Desafío al sol y paso por un agromercado, también privado, me aclaran. Es un sitio construido precariamente que me recuerda aquellos que levantan los indígenas en el trayecto desde Valladolid, en Yucatán, México, hasta Chichen Itzá. Unas tablas, techo de fibrocemento y pencas. Hay más productos, pero las viandas están sucias, raquíticas y marchitas. No hay clientes. Me llevo una fruta bomba y me encomiendo a San Publix.

Finalmente, el día del regreso.

Los oficiales de Inmigración son jóvenes. Atrás quedó la hostilidad con la que se trataba a los exiliados. Cuba está de moda y hay avalancha de turistas.

I love bicitaxis!

Con todo, en los baños del Aeropuerto Internacional un urinario casi desborda líquido amarillento. De tres cubículos, solamente uno funciona; los otros dos han sido clausurados y atornillados. Hay hábitos imposibles de cambiar.

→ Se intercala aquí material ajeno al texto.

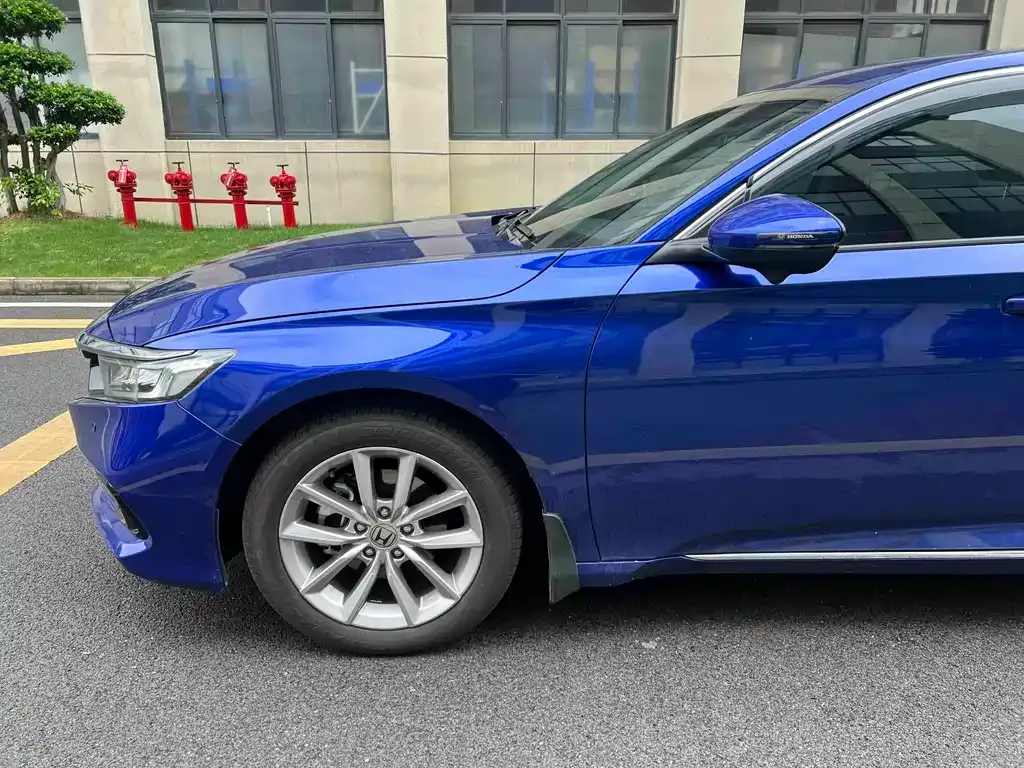 Honda Accord — фото 4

Mientras espero la salida del avión, escucho una conversación entre turistas estadounidenses. Una académica se ufana de haber recorrido la Habana Vieja en bicitaxi. Transporte típico. Pintoresco. Ecológico. En China, palanquín; en Cuba, bicitaxi.

Ya exploró esa tierra exótica, el reino del Gran Khan que alabó Cristóforo Colombo en su Diario. Ahora regresará a Manhattan y pedirá que levanten el embargo.

La gringa ignora que en 1958 Cuba era el país de Iberoamérica con más líneas férreas por kilómetro cuadrado y más automóviles por habitante. Y que a los habaneros no les faltaban las guaguas y pagaban por el pasaje 8 centavos de un peso equivalente al dólar.

Al fin subo al avión.

No dejo de pensar –hasta hoy– en los que quedaron atrás.